Last updated March 13th 2016
New research at the Weizmann Institute of Science could point to ways of renewing heart cells and eventually lead to new treatments for cardiovascular diseases.
As opposed to blood, hair or skin cells that can renew themselves throughout life, our heart cells cease to divide shortly after birth, and there is very little renewal in adulthood. New research at the Weizmann Institute of Science provides insight into the question of why the mammalian heart fails to regenerate, and demonstrated, in adult mice, the possibility of turning back this fate.
The research appeared in Nature Cell Biology.
Prof. Eldad Tzahor of the Institute’s Biological Regulation Department thought that part of the answer to the regeneration puzzle might lie in his area of expertise: embryonic development, especially of the heart.
Tzahor looked to a protein called ERBB2 – which is well studied because it can pass along growth signals promoting certain kinds of cancer – and which plays a role in heart development.
ERBB2 is a specialized receptor – a protein that transmits external messages into the cell. ERBB2 generally works together with a second, related, receptor by binding a growth factor called Neuregulin 1 (NRG1) to transmit its message. NGR1 is already being tested in clinical studies for treating heart failure.
In mice, new heart muscle cells can be added up to a week after birth; newborn mice can regenerate damaged hearts, while seven-day-old mice cannot.
Dr. Gabriele D’Uva, a postdoctoral fellow in the research group, and research student Alla Aharonov observed that heart muscle cells called cardiomyocytes that were treated with NRG1 continued to proliferate on the day of birth; but the effect dropped dramatically within a week, even with ample amounts of NRG1. Further investigation showed that the difference between a day and a week was in the amount of ERBB2 on the cardiomyocyte membranes.
The team created mice in which the gene for ERBB2 was knocked out only in cardiomyocytes. This had a severe impact and the conclusion was that cardiomyocytes lacking ERBB2 do not divide, even in the presence of NRG1. Next, the team reactivated the ERBB2 protein in adult mouse heart cells, in which cardiomyocytes normally no longer divide. This resulted in extreme cardiomyocyte proliferation and hypertrophy – excessive growth of the individual cardiomyocytes – leading to a giant heart that left little room for blood to enter.

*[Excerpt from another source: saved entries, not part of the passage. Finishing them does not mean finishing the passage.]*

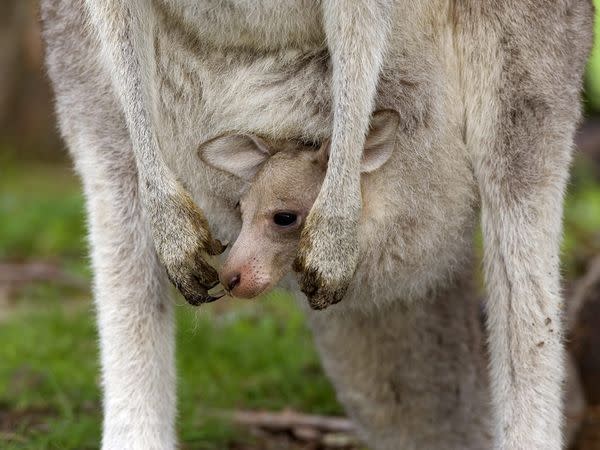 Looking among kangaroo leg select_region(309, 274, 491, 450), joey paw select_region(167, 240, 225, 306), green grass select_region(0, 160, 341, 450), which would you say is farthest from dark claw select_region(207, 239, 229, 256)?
kangaroo leg select_region(309, 274, 491, 450)

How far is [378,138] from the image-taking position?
3170 mm

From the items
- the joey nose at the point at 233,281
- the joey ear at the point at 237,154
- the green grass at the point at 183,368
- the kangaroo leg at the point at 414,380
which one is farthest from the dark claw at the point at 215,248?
the kangaroo leg at the point at 414,380

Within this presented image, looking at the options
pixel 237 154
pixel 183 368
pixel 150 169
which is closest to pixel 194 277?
pixel 150 169

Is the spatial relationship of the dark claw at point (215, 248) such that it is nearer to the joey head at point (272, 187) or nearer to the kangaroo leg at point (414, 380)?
the joey head at point (272, 187)

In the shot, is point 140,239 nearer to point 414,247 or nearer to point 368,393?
point 414,247

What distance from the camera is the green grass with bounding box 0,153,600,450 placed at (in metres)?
4.24

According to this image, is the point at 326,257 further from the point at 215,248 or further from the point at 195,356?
the point at 195,356

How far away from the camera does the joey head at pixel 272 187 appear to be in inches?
123

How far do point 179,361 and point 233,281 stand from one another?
2.02m

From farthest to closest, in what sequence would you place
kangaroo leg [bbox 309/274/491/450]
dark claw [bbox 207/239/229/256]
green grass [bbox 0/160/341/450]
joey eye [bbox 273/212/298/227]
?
green grass [bbox 0/160/341/450] → kangaroo leg [bbox 309/274/491/450] → joey eye [bbox 273/212/298/227] → dark claw [bbox 207/239/229/256]

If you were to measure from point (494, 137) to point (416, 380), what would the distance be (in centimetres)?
116

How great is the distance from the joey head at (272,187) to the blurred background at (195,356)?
0.38m

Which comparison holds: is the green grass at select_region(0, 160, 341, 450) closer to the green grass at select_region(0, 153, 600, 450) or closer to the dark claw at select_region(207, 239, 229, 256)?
the green grass at select_region(0, 153, 600, 450)

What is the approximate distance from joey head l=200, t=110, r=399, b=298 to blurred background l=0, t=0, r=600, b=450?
38 centimetres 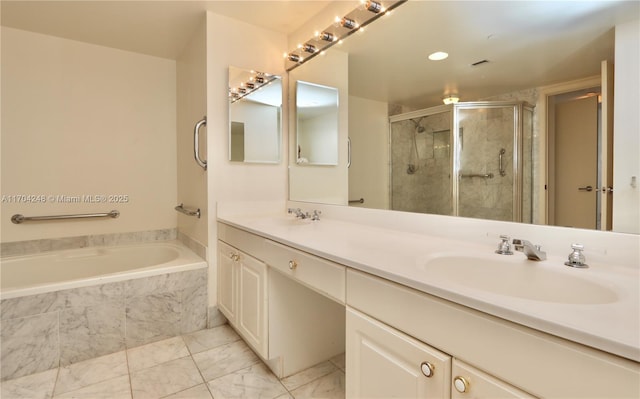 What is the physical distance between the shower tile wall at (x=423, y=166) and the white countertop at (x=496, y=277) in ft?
0.54

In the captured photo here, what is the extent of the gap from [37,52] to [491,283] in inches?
134

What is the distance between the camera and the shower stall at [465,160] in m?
1.19

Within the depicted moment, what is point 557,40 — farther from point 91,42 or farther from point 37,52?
point 37,52

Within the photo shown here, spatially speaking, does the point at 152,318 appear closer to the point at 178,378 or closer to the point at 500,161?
the point at 178,378

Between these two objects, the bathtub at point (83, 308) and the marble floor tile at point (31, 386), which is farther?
the bathtub at point (83, 308)

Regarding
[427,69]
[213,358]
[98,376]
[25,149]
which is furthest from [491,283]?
[25,149]

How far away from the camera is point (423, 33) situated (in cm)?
154

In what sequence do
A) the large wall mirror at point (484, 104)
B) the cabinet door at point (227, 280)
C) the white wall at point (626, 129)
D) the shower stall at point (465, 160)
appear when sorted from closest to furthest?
the white wall at point (626, 129) → the large wall mirror at point (484, 104) → the shower stall at point (465, 160) → the cabinet door at point (227, 280)

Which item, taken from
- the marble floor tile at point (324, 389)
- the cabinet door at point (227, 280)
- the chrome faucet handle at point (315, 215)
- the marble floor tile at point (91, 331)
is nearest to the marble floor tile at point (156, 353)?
the marble floor tile at point (91, 331)

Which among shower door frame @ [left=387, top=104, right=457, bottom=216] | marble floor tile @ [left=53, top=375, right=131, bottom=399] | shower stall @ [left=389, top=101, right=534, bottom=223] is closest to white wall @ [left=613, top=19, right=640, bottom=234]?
shower stall @ [left=389, top=101, right=534, bottom=223]

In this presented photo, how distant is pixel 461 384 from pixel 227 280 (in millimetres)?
1615

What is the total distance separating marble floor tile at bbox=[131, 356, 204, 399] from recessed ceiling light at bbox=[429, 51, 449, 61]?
200 centimetres

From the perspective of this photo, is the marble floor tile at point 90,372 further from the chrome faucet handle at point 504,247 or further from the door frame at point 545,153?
the door frame at point 545,153

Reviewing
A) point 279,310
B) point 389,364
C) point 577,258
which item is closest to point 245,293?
point 279,310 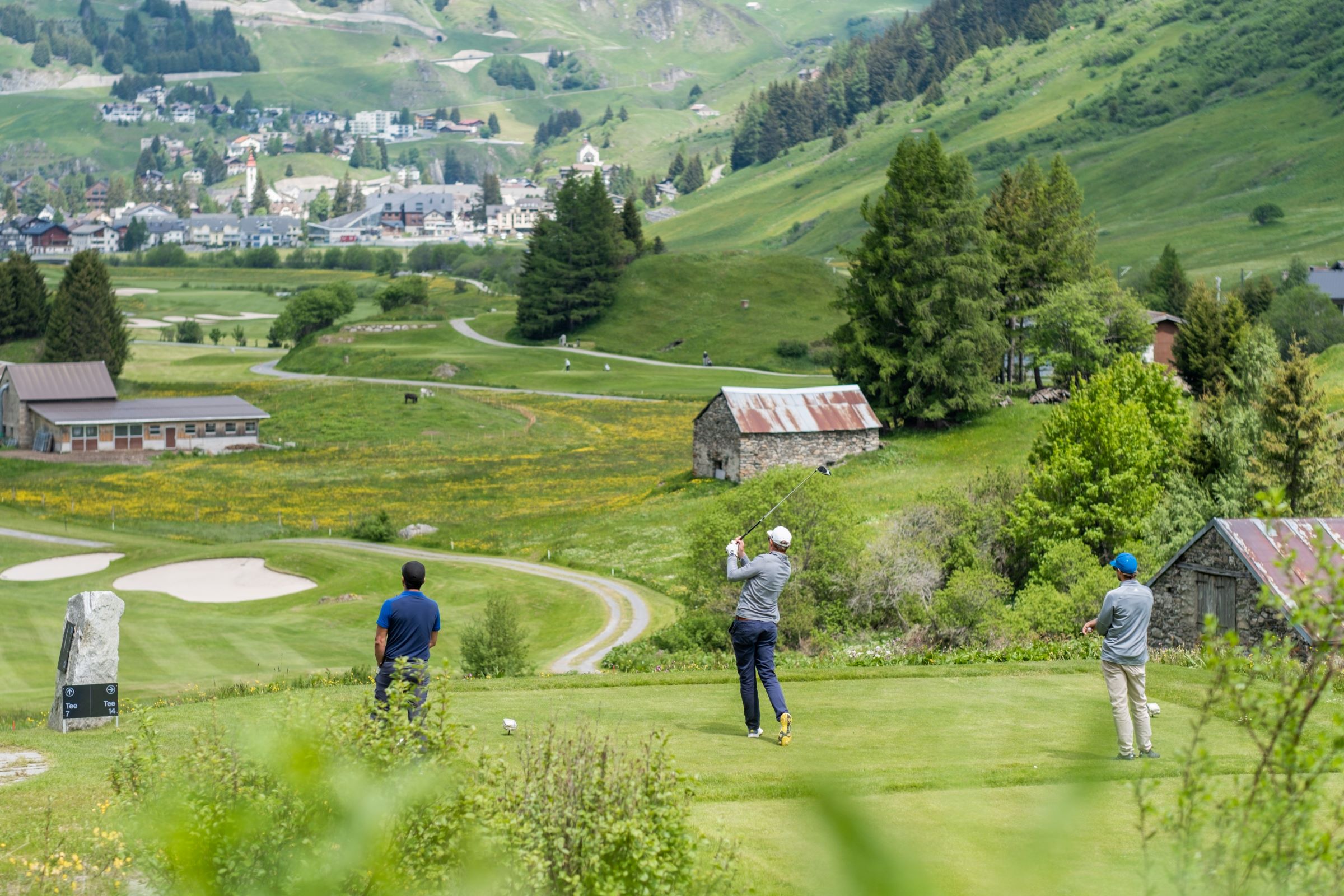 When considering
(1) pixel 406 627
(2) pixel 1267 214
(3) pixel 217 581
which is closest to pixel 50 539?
(3) pixel 217 581

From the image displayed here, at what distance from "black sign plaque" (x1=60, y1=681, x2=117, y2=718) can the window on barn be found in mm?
25657

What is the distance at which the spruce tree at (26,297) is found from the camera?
455ft

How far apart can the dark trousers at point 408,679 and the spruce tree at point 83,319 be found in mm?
122652

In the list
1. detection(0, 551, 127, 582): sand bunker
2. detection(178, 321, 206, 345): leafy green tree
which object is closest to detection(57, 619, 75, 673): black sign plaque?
detection(0, 551, 127, 582): sand bunker

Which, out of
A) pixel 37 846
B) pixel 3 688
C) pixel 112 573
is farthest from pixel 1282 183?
pixel 37 846

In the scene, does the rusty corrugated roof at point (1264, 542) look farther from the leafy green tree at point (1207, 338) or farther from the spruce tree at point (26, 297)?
the spruce tree at point (26, 297)

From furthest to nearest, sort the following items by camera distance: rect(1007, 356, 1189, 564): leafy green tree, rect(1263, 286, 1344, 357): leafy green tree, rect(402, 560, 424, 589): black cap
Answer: rect(1263, 286, 1344, 357): leafy green tree < rect(1007, 356, 1189, 564): leafy green tree < rect(402, 560, 424, 589): black cap

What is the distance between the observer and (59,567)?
56.5 meters

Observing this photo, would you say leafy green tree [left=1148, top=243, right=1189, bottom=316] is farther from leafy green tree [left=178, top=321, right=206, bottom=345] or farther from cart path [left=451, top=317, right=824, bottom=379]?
leafy green tree [left=178, top=321, right=206, bottom=345]

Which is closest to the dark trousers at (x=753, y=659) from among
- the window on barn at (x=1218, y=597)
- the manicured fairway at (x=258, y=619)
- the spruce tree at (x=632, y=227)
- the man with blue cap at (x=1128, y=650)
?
the man with blue cap at (x=1128, y=650)

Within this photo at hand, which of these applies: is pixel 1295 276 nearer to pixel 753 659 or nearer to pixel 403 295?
pixel 403 295

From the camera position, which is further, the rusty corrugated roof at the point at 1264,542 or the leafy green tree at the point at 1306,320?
the leafy green tree at the point at 1306,320

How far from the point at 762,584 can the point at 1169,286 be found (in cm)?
10685

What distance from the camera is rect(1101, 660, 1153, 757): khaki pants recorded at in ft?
50.8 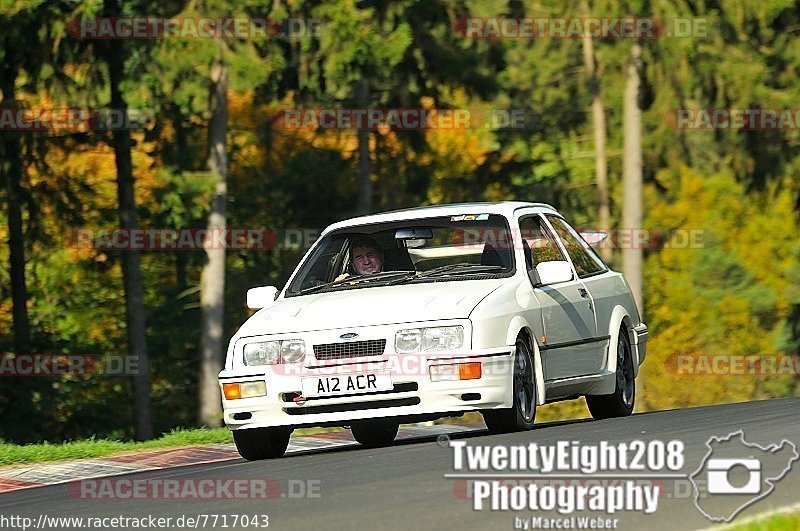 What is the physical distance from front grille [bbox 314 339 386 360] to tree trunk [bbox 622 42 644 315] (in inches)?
878

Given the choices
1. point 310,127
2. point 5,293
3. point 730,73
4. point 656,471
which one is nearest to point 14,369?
point 5,293

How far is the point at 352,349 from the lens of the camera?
10.9 m

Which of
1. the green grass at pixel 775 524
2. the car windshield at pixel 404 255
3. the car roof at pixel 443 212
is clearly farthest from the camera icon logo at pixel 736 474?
the car roof at pixel 443 212

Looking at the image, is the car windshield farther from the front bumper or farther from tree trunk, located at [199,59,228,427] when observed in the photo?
tree trunk, located at [199,59,228,427]

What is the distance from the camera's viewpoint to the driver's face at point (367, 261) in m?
12.6

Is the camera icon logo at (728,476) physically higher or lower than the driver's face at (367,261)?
lower

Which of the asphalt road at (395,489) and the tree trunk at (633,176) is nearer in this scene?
the asphalt road at (395,489)

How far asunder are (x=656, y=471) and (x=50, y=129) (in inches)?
1073

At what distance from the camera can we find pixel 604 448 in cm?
938

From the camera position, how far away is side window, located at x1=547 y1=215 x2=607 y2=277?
1328 centimetres

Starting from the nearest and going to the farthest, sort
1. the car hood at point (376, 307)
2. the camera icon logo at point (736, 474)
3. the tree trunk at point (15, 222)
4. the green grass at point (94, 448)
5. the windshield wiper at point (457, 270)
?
the camera icon logo at point (736, 474) < the car hood at point (376, 307) < the windshield wiper at point (457, 270) < the green grass at point (94, 448) < the tree trunk at point (15, 222)

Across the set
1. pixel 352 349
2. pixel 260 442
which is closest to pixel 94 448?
pixel 260 442

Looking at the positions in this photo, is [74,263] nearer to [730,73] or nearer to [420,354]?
[730,73]

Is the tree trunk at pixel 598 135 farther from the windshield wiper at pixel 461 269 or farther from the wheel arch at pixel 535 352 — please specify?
the wheel arch at pixel 535 352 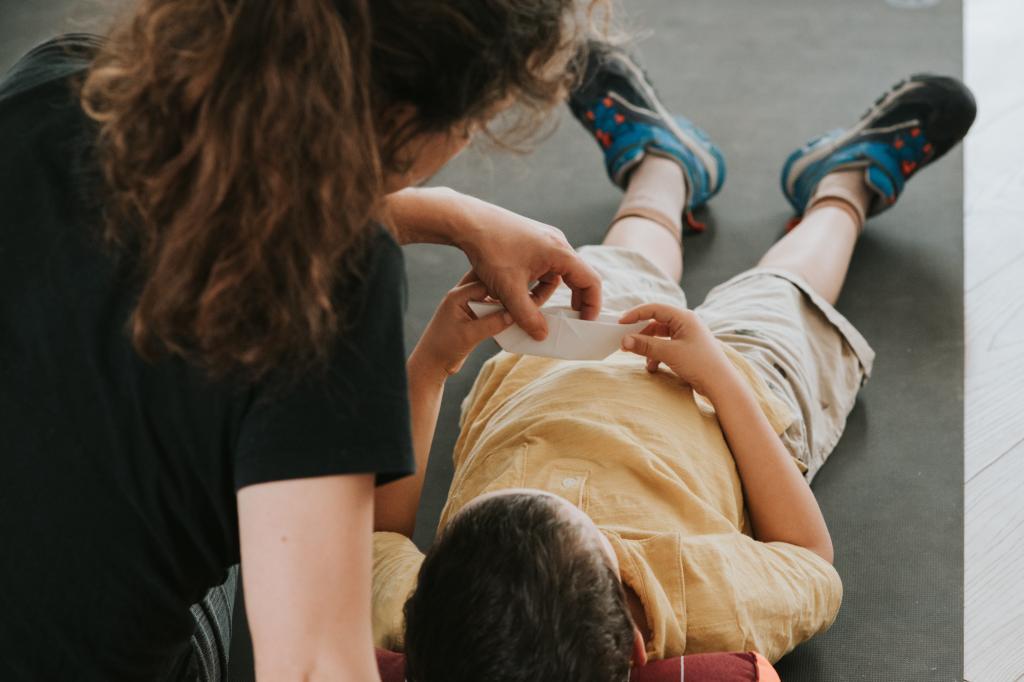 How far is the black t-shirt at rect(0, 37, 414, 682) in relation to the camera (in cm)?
67

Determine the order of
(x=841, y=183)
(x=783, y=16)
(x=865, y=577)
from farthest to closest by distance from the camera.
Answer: (x=783, y=16) < (x=841, y=183) < (x=865, y=577)

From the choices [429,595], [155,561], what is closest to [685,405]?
[429,595]

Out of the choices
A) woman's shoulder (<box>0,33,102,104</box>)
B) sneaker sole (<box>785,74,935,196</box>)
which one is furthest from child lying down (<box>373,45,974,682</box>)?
woman's shoulder (<box>0,33,102,104</box>)

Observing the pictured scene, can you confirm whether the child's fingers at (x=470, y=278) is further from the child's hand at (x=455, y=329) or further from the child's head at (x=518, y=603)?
the child's head at (x=518, y=603)

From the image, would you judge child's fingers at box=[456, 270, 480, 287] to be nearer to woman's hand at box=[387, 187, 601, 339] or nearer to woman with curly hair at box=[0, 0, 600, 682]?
woman's hand at box=[387, 187, 601, 339]

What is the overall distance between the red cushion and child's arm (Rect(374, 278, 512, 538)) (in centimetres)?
22

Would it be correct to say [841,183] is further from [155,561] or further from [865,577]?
→ [155,561]

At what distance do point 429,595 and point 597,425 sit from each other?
13.9 inches

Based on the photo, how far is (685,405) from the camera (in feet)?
4.24

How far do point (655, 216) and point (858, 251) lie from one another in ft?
1.24

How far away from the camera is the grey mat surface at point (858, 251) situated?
1339 mm

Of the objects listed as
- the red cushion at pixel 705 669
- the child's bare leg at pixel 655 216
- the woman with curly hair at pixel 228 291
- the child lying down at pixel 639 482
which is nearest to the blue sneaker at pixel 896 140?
the child lying down at pixel 639 482

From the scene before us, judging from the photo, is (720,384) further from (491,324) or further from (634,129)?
(634,129)

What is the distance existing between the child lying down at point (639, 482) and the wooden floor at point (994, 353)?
20 cm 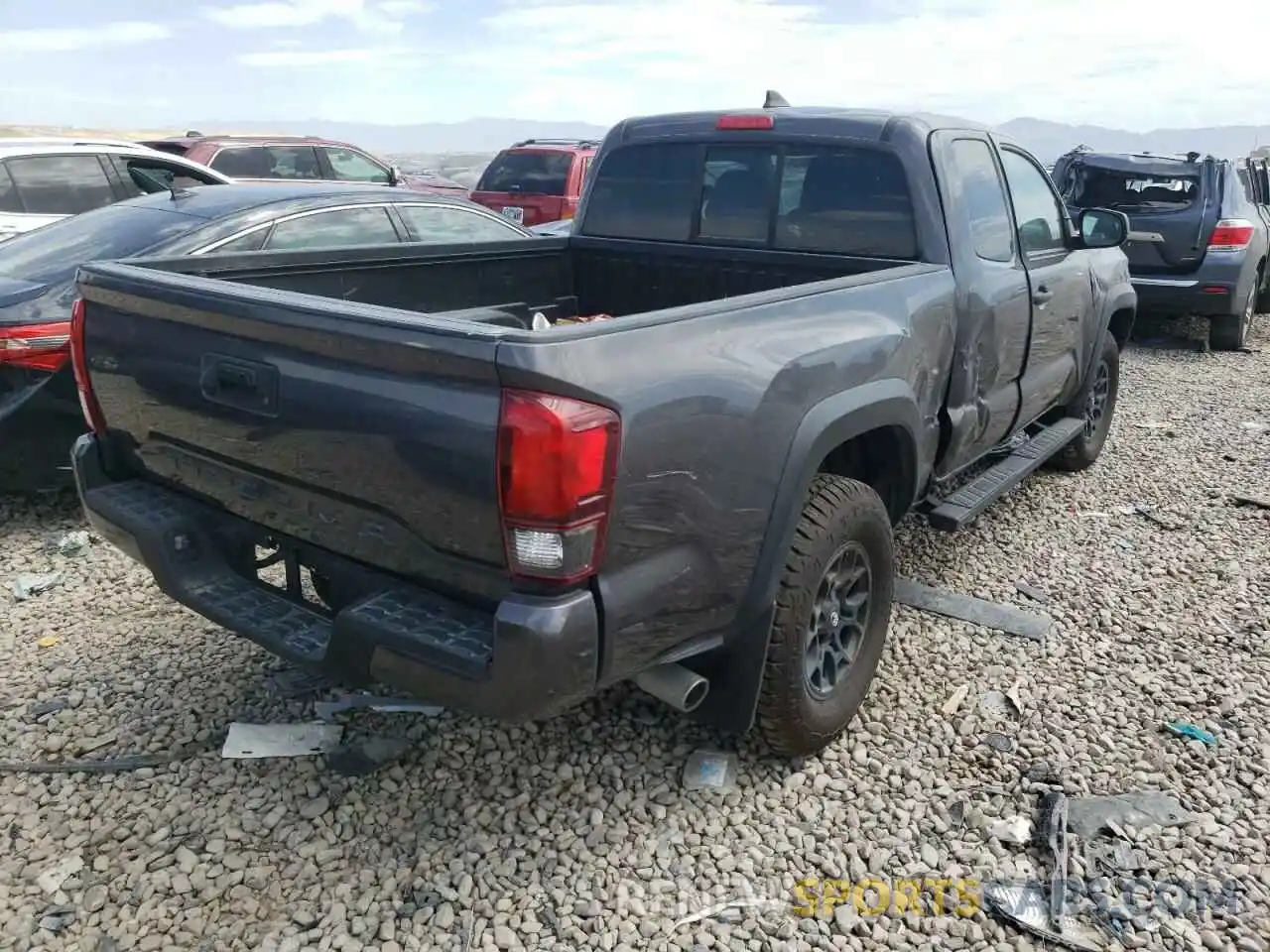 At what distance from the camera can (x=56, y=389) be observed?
14.7 ft

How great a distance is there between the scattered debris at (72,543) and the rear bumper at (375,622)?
188 centimetres

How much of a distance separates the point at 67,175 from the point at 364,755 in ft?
23.3

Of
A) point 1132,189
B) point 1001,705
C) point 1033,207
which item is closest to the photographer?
point 1001,705

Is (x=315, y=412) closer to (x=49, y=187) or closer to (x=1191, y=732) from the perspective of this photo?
(x=1191, y=732)

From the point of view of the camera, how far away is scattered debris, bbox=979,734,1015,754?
10.5 ft

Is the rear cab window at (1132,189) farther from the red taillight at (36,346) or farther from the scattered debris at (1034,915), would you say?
the red taillight at (36,346)

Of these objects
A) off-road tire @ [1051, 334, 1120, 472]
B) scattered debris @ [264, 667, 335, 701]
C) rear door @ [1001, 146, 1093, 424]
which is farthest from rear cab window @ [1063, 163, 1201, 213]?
scattered debris @ [264, 667, 335, 701]

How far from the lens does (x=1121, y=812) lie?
9.45ft

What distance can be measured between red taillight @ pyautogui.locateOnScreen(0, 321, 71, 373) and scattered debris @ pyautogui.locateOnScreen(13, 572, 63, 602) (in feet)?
3.03

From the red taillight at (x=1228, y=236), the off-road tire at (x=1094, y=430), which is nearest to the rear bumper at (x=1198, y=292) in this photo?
the red taillight at (x=1228, y=236)

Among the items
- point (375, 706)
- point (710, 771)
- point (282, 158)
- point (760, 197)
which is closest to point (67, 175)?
point (282, 158)

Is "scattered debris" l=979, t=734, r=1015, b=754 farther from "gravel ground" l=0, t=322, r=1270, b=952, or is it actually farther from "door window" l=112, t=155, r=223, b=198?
"door window" l=112, t=155, r=223, b=198

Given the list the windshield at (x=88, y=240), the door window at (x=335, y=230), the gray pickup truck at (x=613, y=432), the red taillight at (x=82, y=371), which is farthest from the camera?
the door window at (x=335, y=230)

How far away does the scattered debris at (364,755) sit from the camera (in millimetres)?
3008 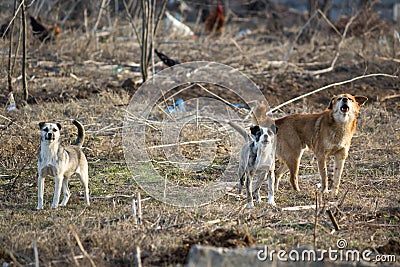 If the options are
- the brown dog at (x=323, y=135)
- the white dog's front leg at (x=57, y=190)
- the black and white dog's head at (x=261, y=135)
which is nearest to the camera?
the white dog's front leg at (x=57, y=190)

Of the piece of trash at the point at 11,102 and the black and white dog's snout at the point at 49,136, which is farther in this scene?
the piece of trash at the point at 11,102

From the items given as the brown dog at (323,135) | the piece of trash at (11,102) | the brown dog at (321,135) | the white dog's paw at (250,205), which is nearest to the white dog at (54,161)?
the white dog's paw at (250,205)

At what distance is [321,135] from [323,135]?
27 mm

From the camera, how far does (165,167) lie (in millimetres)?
10172

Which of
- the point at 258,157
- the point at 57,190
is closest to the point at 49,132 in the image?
the point at 57,190

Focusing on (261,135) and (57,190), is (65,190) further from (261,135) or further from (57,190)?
(261,135)

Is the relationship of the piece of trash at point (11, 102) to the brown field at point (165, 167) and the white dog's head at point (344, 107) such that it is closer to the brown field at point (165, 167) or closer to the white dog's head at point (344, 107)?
the brown field at point (165, 167)

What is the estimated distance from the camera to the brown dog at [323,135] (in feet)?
30.2

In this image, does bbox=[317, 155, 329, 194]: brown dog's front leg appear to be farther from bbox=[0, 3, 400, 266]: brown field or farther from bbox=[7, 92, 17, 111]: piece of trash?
bbox=[7, 92, 17, 111]: piece of trash

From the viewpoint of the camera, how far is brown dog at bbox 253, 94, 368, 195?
9219 millimetres

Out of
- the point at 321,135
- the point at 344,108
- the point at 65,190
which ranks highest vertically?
the point at 344,108

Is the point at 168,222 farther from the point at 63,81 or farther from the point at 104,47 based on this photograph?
the point at 104,47

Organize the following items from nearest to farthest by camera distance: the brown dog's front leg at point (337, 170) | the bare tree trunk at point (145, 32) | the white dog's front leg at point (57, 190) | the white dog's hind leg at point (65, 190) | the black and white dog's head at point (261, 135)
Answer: the white dog's front leg at point (57, 190) → the black and white dog's head at point (261, 135) → the white dog's hind leg at point (65, 190) → the brown dog's front leg at point (337, 170) → the bare tree trunk at point (145, 32)

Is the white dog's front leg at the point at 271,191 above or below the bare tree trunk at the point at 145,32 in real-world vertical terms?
below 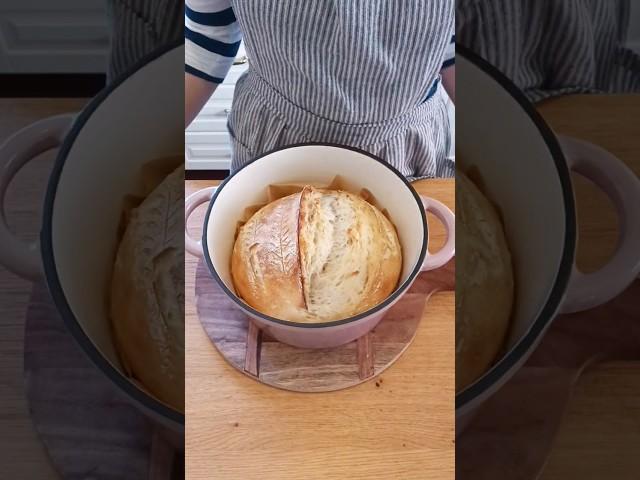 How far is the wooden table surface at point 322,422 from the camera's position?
0.78 ft

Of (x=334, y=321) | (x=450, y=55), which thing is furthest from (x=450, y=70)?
(x=334, y=321)

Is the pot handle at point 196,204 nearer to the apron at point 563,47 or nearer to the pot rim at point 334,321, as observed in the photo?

“Too little or too much of this protein had a devastating impact on heart function,” says Tzahor.
The scientists then asked, if one could activate ERBB2 for just a short period in an adult heart following a heart attack, might it be possible to get cardiac cell renewal, without such negative ones as hypertrophy and scarring? Testing this idea, the team found that they could, indeed, activate ERBB2 in mice for a short interval only following an induced heart attack and obtain nearly complete heart regeneration within several weeks.
“The results were amazing,” says Tzahor. “As opposed to extensive scarring in the control hearts, the ERBB2-expressing hearts had completely returned to their previous state.”
“ERBB2 is clearly at the top of the chain. We have shown that it can induce cardiac regeneration on its own. But understanding the roles of the other proteins in the chain may present us with new drug targets for treating heart disease,” says D’Uva.
The scientists know that much more research is needed but they’re optimistic.
Tzahor and his team plan to continue researching this signaling pathway to suggest ways of improving the process, which may, in the future, point to ways of renewing heart cells. Because this pathway is also involved in cancer, well-grounded studies will be needed to understand exactly how to direct the cardiomyocyte renewal signal at the right place, the right time and in the right amount.
“Much more research will be required to see if this principle could be applied to the human heart, but our findings are proof that it may be possible,” he says.
Profs. Yosef Yarden and Michal Neeman, also of the Biological Regulation Department, Prof. Jonathan Leor of Chaim Sheba Medical Center and Richard P. Harvey of University of South Wales, Australia also contributed to this research.